The Tagging Mechanic
In our initial prototype, the gunners in the crew were almost entirely autonomous, firing on enemies as soon as they can in range. While more realistic, this made the player feel helpless and removed from the threat of attacking fighters. Allowing direct control of the turrets would break the core of the game’s design, so we needed another solution.
We devised a system that would allow the player to feel more engaged by the combat element of the game. Our solution was the tagging system. By hitting a button, tagging mode is toggled – a slightly zoomed-in view with a large reticule, which when hovered over an incoming threat for a few moments, will tag it and therefore order the crew’s gunners to open fire on it. It feels a bit like aiming a gun, is a quick and simple interaction, and importantly doesn’t take away the glory of shooting down an enemy ace from your crew!
Once we had this system in place, we found it as a great way to give orders to other members of the crew. For example, once you spot the bomb target, tagging it using tagging mode will order your pilot to turn the aircraft towards it and begin the bomb run. Its also used to direct the pilot towards headings that are plotted by the navigator.

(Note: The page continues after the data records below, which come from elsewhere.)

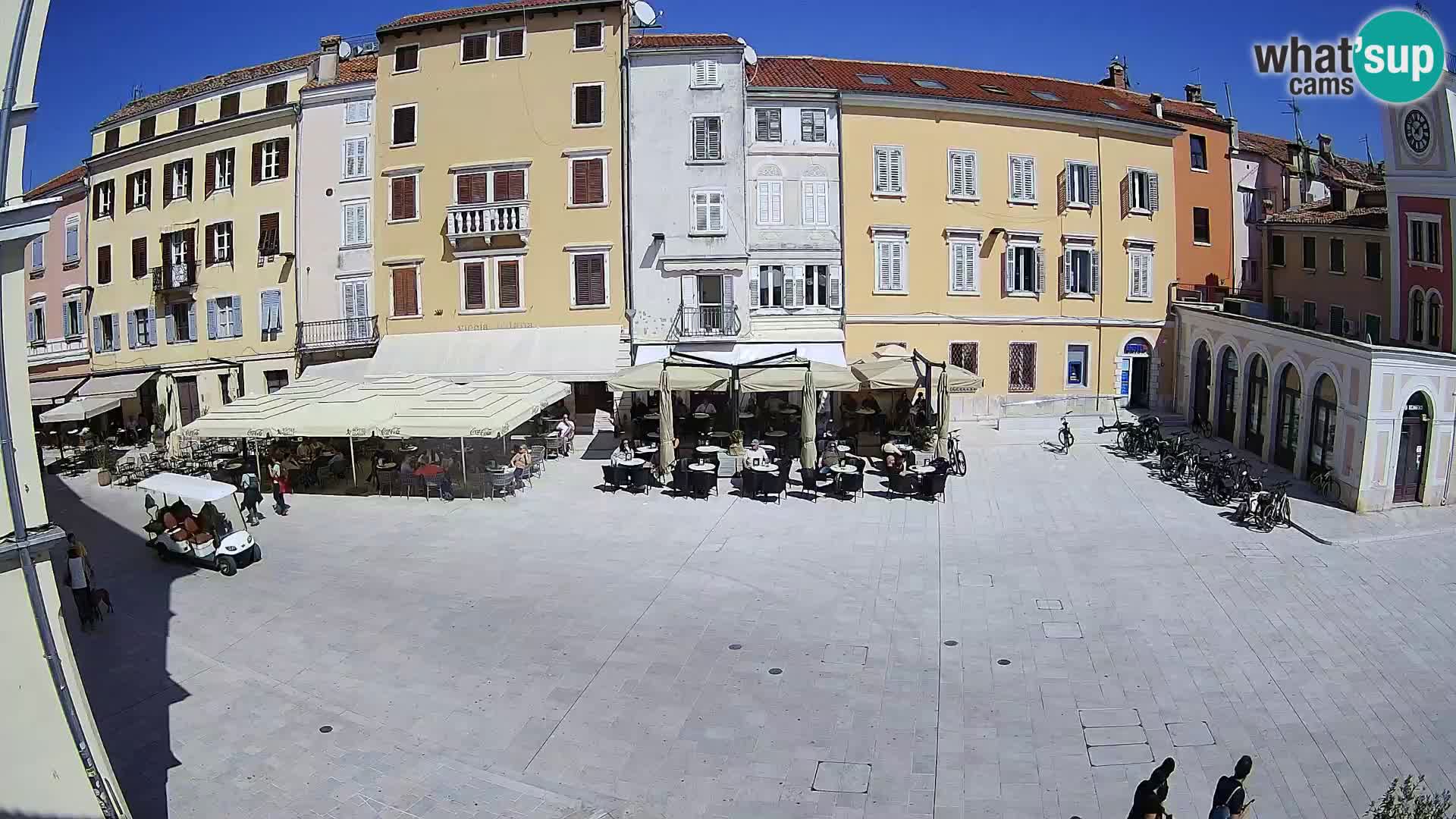 Webcam Rovinj Centar – glavni trg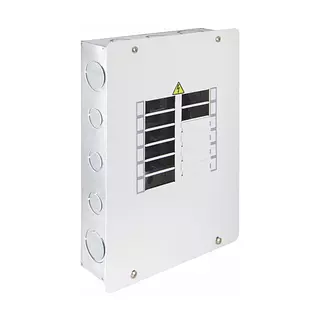 Tablero Bifasico 12 Ctos Liso Lx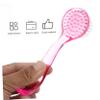CTIRCHIU 10pcs Ergonomic Nail Cleaning Brushes Long Handle Fingernail Dust Brush for Easy Cleaning of Nails Toes Hands Portable Practical for Home and Travel view 4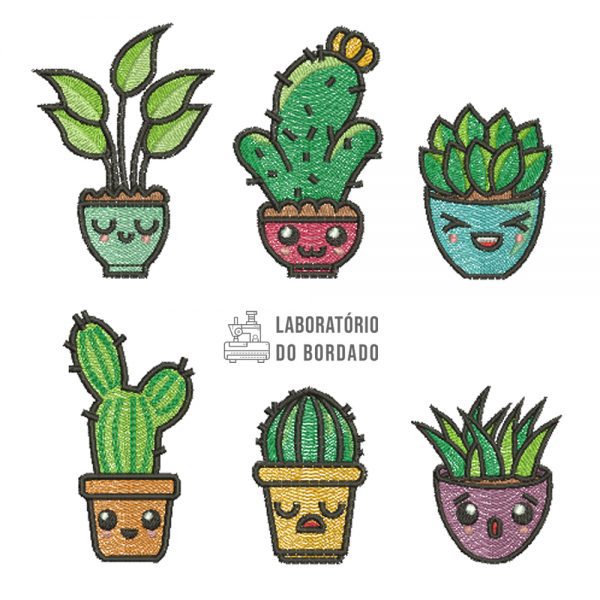Pack Plantinhas Fofinhas
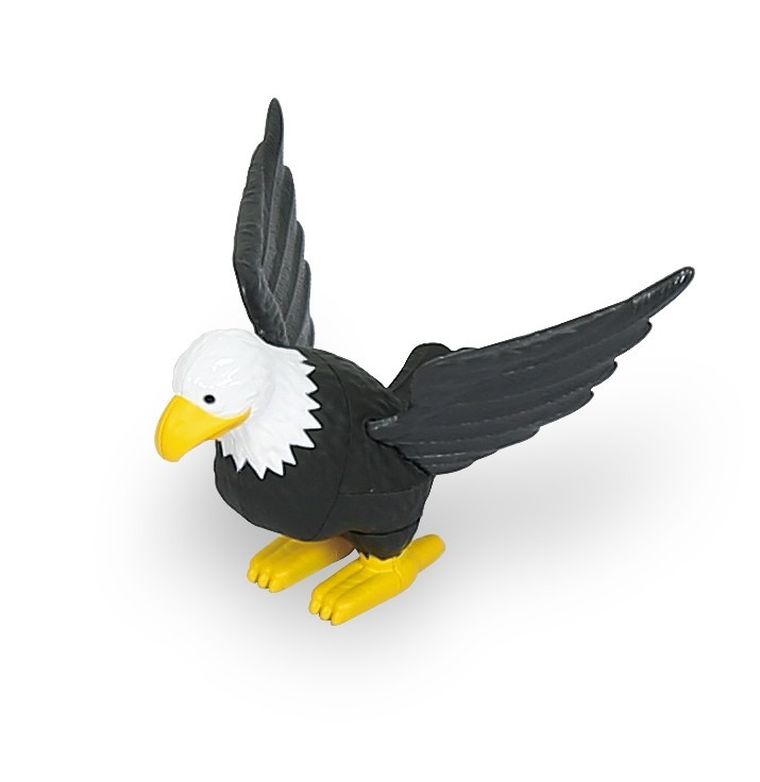 MalBlo, Magnetic, mini zwierzęta leśne, zestaw figurek z planszą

The depth of gameplay during missions comes from learning how the systems of the bomber and the systems of the environment interact. Once these are understood, the player is continually given tough compromises to make, such as:
‘Shall I order my tail gunner to stop a spreading fire in the tail, or leave him to defend against a pursuing fighter and put the rest of the crew at risk?’
‘Should I order my pilot to fly beneath the clouds into heavy flak so the navigator can get his bearings, or risk wandering off course with insufficient fuel to return to Blighty?’
‘My outer port engine is damaged! Should I send my engineer out onto the wing, risking a fatal fall in order to save the rest of the crew?’
As all the bomber’s systems are controlled through the crew members, it was critical that we had a simple interface to allow them to be ordered to move between the various stations in the bomber.
Our solution was to allow crew members to be selected with a mouse click, then sent to a different part of the aircraft, or a particular station with another single click. To give the player feedback on where their brave engineer was about to jog off to, we show an orange line offering a preview of their route. If the player hovers the cursor over a station or equipment, we provide a highlight to show they will interact with it.
Over the first weekend after the game had launched, we received tons of great feedback from the community of players. From this, we were able to improve the crew management system by adding hotkeys for specific actions such as sending a crew member to the rest bed to recover health. We also added a ‘slow time’ function, so when the action gets too hectic for some players, they have the option of a little more time to think. The community’s feedback has been invaluable for helping us focus on the right areas to improve.
The result of these systems is that Bomber Crew maintains its focus on the development of the crew, and the decision making abilities of the player. Our intention was always to create a game where the player becomes attached to the characters they recruit and train so that every moment of every mission matters.
In taking direct control away from the player and giving it to the crew, they remain relevant throughout the gameplay. The real challenge in doing this is to provide the player with the means to easily execute all the little choices that quickly stack up to make the difference between glorious victory or fiery disaster.